As a whole, I don't like them or Cartiers. Might be an exception here or there with one model or two, but overall, they do nothing for me. Honestly, Rolex too. Other than Milgauss, I have no interest.


----------



## Mtvandi (Aug 1, 2020)

The Panerai Heyday reminds me of the Rolex Frenzy of today. Panerai was the "it" watch to collect, covet and flip. I have had a few and still have a PAM 118, I love. Keeper for sure, fashion be damned. Prices were so silly for a while. To me Panerai still has great watches with great history and I like the fact they have become a little more quiet and niche again.


----------



## Mickey® (Feb 26, 2012)

Watchbreath said:


> Some fads last for decades.


True...


----------



## martin_blank (May 19, 2010)

Mtvandi said:


> The Panerai Heyday reminds me of the Rolex Frenzy of today. Panerai was the "it" watch to collect, covet and flip. I have had a few and still have a PAM 118, I love. Keeper for sure, fashion be damned. Prices were so silly for a while. To me Panerai still has great watches with great history and I like the fact they have become a little more quiet and niche again.
> View attachment 15588432


So true...Panerai of 2000 is very much like Rolex of today

Sent from my iPhone using Tapatalk


----------



## smittya (Feb 4, 2015)

bunnswatch said:


> I've seen in a few threads people referencing that Panerai has fallen off from previous heights. I guess I'm wondering why people say this?
> 
> I love Panerai and previously owned a Pam000 (I wish I still had it).
> 
> ...


There's always Invicta bling that aligns for those liking to pose.


----------



## dan360 (Jun 3, 2012)

Early/Mid 2000's the brand was as hot as Rolex is now, in social media circles. The infancy of such things. It's still a very popular brand and sells obviously very well but the hype train left the station, for the most part. 

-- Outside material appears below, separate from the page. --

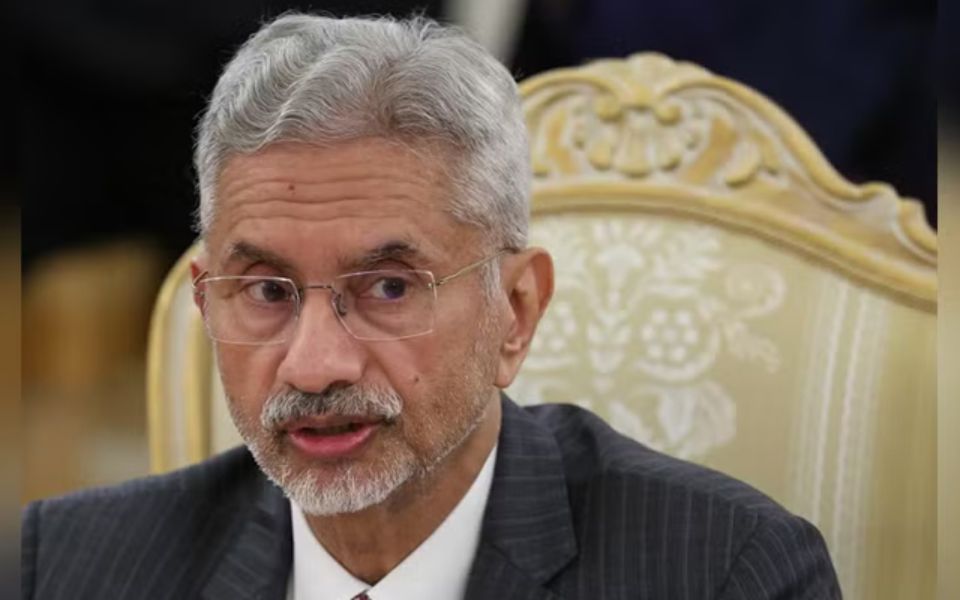 West Asia crisis: EAM Jaishankar speaks to Israeli counterpart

It became hype when Stallone was seen with one. Those who cling to the next cool thing move on to the next shiny shiny.


----------



## heineken4u (Sep 1, 2018)

Panerol Forte said:


> Could it be because people making those claims don't have a clue about them?


That's a bingo!

Sent from my SM-G925V using Tapatalk


----------



## entropy96 (Nov 9, 2010)

Felix Carbury said:


> Fads come and go. Pet rocks, Pokemon Go, Rubik's Cube, Cabbage Patch Kids, iPods and of course&#8230; Rolex. Panerai may be a terrific watch but it is out of fashion while it was once very much in fashion.


It's also due to the trend in watches going back to the mid-size cases (33mm to 39mm).

Panerai was fashionable during the "big watch" craze (44mm+) in the late 2000s to early 2010s.

It quickly died down in the late 2010s.


----------



## teckel12 (Oct 22, 2019)

bunnswatch said:


> I've seen in a few threads people referencing that Panerai has fallen off from previous heights. I guess I'm wondering why people say this?
> 
> I love Panerai and previously owned a Pam000 (I wish I still had it).
> 
> ...


The day I buy anything because an "A list celeb" has one, you have permission to shoot me in the face.


----------



## teckel12 (Oct 22, 2019)

entropy96 said:


> It's also due to the trend in watches going back to the mid-size cases (33mm to 39mm).
> 
> Panerai was fashionable during the "big watch" craze (44mm+) in the late 2000s to early 2010s.
> 
> It quickly died down in the late 2010s.


This.


----------



## dawalsh13 (Mar 29, 2017)

I don’t sell a lot these days so I hope it less and less popular so I can buy one for cheaper. Love Panerai. If I had bigger wrist, I’d buy two more (372 and 720) for sure.


----------



## Simon (Feb 11, 2006)

Michael Day said:


> The market tend away from huge slabs of metal i believe would be impacting here. This is also supported by the increase in lesser diameter models from Pan. Although they're still quite thick.
> Sent from my iPhone using Tapata


First, I think Michael is right - in the past 2 years there has been a move away from oversize & slab sided which Panerai style epitomises.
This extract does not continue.